The Plumber class constructor takes three arguments -

  1. input_d ~> The input data structure containing node info and the graph for the pipeline
  2. coro_map ~> Function to map the input_d['nodes'][<'node_name'>]['coro'] specified in the input_d to actual coroutines
  3. env_vars ~> Dictionary for passing local scope variables to Processor instances.
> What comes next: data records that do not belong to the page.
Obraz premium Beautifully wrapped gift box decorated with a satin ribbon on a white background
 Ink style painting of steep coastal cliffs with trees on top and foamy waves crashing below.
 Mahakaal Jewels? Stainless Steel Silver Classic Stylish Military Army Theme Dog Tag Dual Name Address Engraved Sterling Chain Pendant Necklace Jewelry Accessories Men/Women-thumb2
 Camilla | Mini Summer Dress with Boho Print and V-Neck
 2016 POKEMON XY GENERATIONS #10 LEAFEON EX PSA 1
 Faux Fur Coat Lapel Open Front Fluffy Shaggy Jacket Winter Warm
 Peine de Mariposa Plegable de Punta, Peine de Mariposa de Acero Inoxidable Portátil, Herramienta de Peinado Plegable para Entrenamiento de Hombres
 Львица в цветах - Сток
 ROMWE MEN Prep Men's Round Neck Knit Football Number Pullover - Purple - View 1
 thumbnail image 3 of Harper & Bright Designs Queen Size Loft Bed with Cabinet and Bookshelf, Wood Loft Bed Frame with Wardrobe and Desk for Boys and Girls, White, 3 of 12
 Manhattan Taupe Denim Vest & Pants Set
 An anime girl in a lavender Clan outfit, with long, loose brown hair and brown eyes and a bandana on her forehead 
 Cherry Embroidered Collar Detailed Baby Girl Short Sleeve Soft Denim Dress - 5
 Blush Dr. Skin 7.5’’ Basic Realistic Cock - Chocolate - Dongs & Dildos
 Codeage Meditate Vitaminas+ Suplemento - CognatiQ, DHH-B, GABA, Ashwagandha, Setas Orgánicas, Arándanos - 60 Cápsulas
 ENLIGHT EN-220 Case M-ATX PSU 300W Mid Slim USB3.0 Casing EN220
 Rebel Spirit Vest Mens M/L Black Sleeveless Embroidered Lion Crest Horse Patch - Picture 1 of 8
The __init__ function also calls the _parse_input_graph function to create the liason_q_graph for the given input.

create_pipeline()

def create_pipeline():

Calls _create_pipline with __input_d['nodes'] and __liason_q_graph as the arguments

_create_pipeline(...)

def _create_pipeline(self, nodes_d:dict=None, liason_g:list=None):

Given the liason queue graph, this method instantiates the Processor / InputProcessor classes with the coroutine objects returned by __coro_map(nodes_d['<node_name>']['coro']) and its arguments provided by nodes_d['<node_name>']['args'].

The env_vars dict is also passed to each Processor / InputProcessor instance.

_parse_input_graph(...)

def _parse_input_graph(self, input_d:dict):

This method parses the input_d dict and builds the __liason_q_graph. The properties key of each input_d['nodes']['<node_name>'] is used here to manipulate the graph creation process.